Philadelphia Terminals
Notes to Combined Financial Statements
(unaudited)
5. RELATED PARTY TRANSACTIONS
As discussed in “Basis of Presentation” in Note 1, historically, PAA performed certain functions that directly and indirectly supported our operations. These functions primarily related to finance and accounting, legal, information technology, human resources, communications, commercial/marketing services, terminal operations, engineering and environmental, health and safety. Costs related to such functions are included in either operating or general and administrative expenses in our combined financial statements, depending on the nature of the activity, and have been allocated on the basis of direct usage, when identifiable, or allocated on the basis of revenues. These expenses also included labor from employees who are employed by the Parent’s general partner, Plains All American GP, LLC.

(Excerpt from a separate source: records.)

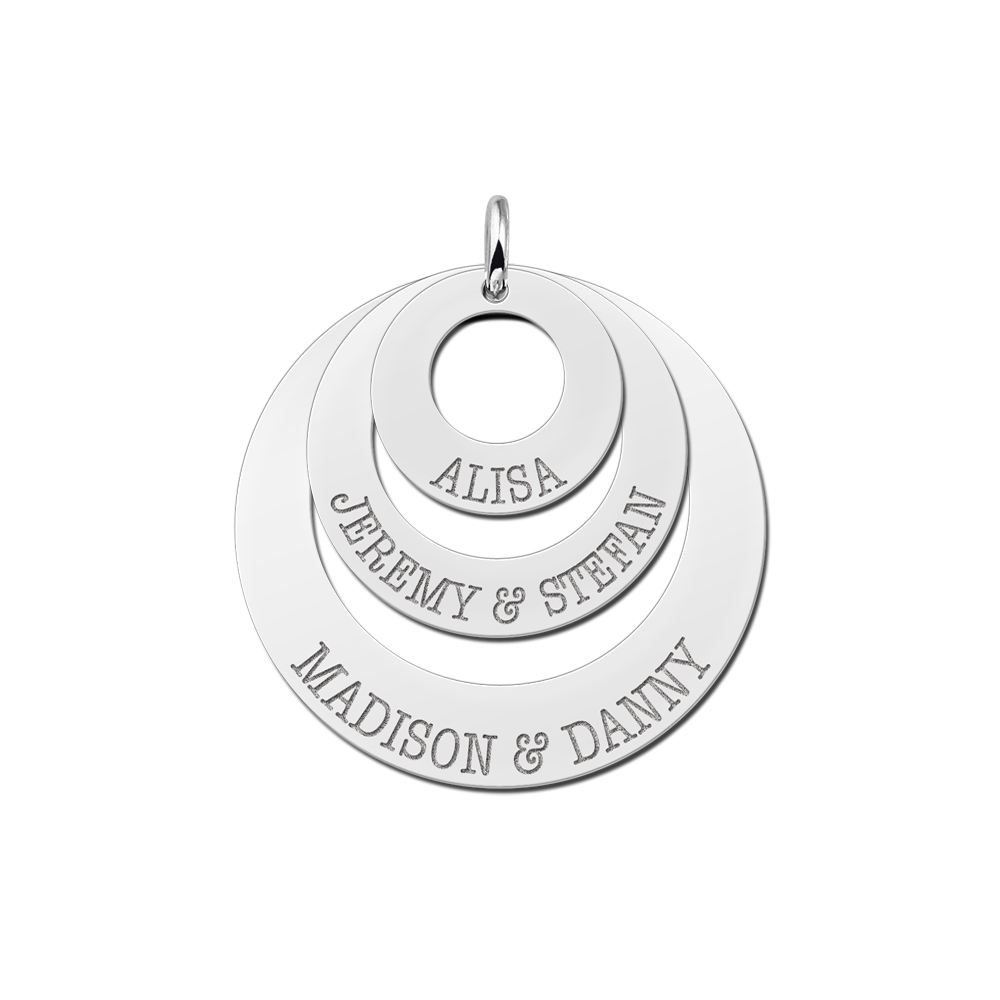 Three Circle Necklace with Name Engraved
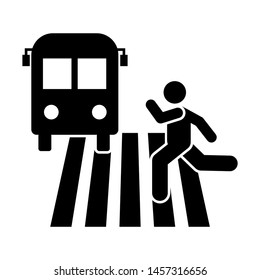 Man bus way running pictogram icon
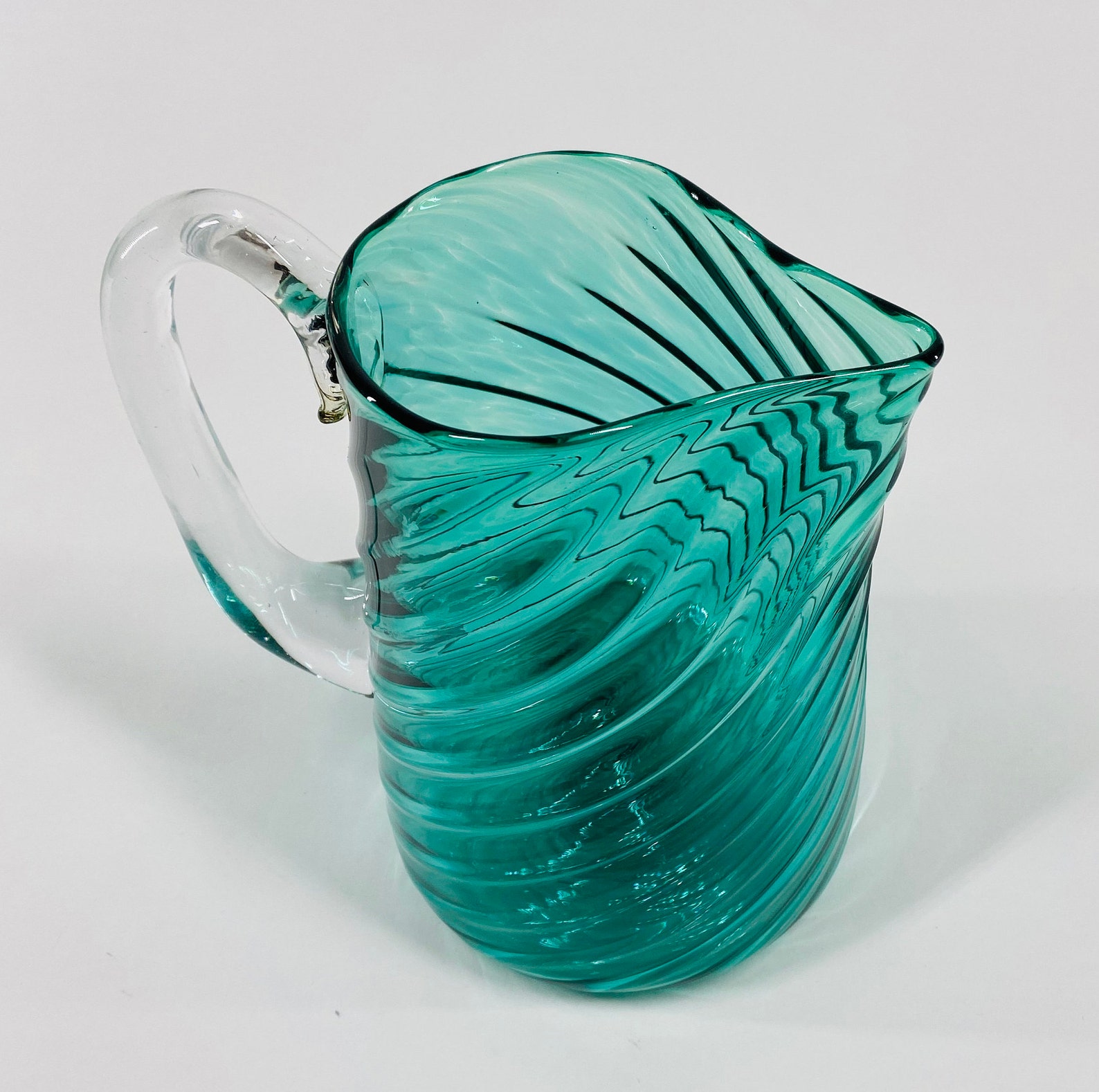 Hand Blown Glass Jade Green Optic Twist Pitcher Etsy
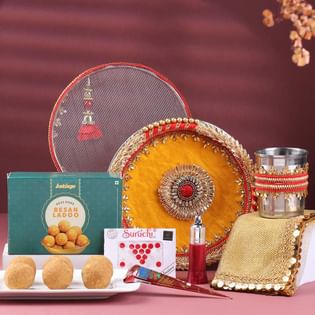 Karwa Chauth Essentials N Besan Ladoo Hamper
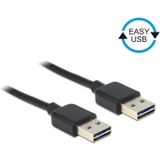 Easy-USB-A naar Easy-USB-A kabel - USB2.0 - tot 2A / zwart - 5 meter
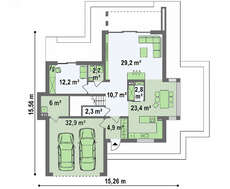 Проект невеликого сучасного двоповерхового будинку з терасою на другому поверсі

Furthermore, other than the treasury function performed by PAA on behalf of the Philadelphia Terminals as also described in “Basis of Presentation” in Note 1, no other transactions between the Philadelphia Terminals and related parties occurred during the three months ended March 31, 2016.
6. COMMITMENTS AND CONTINGENCIES
Contingencies
We are subject to numerous federal, state, and local laws which regulate the discharge of materials into the environment or that otherwise relate to the protection of the environment. We may be involved in regulatory disputes, litigation, and claims arising out of our operations in the normal course of business. However, we are not currently a party to any legal or regulatory proceedings, the resolution of which could have a material adverse effect on our business, financial condition, or results of operations.
Environmental
We record environmental liabilities when environmental assessments and/or remedial efforts are probable and the amounts can be reasonably estimated. Generally, our recording of these accruals coincides with our completion of a feasibility study or our commitment to a formal plan of action. We do not discount our environmental remediation liabilities to present value. We record receivables for amounts recoverable from insurance or from third parties under indemnification agreements in the period that we determine the costs are probable of recovery.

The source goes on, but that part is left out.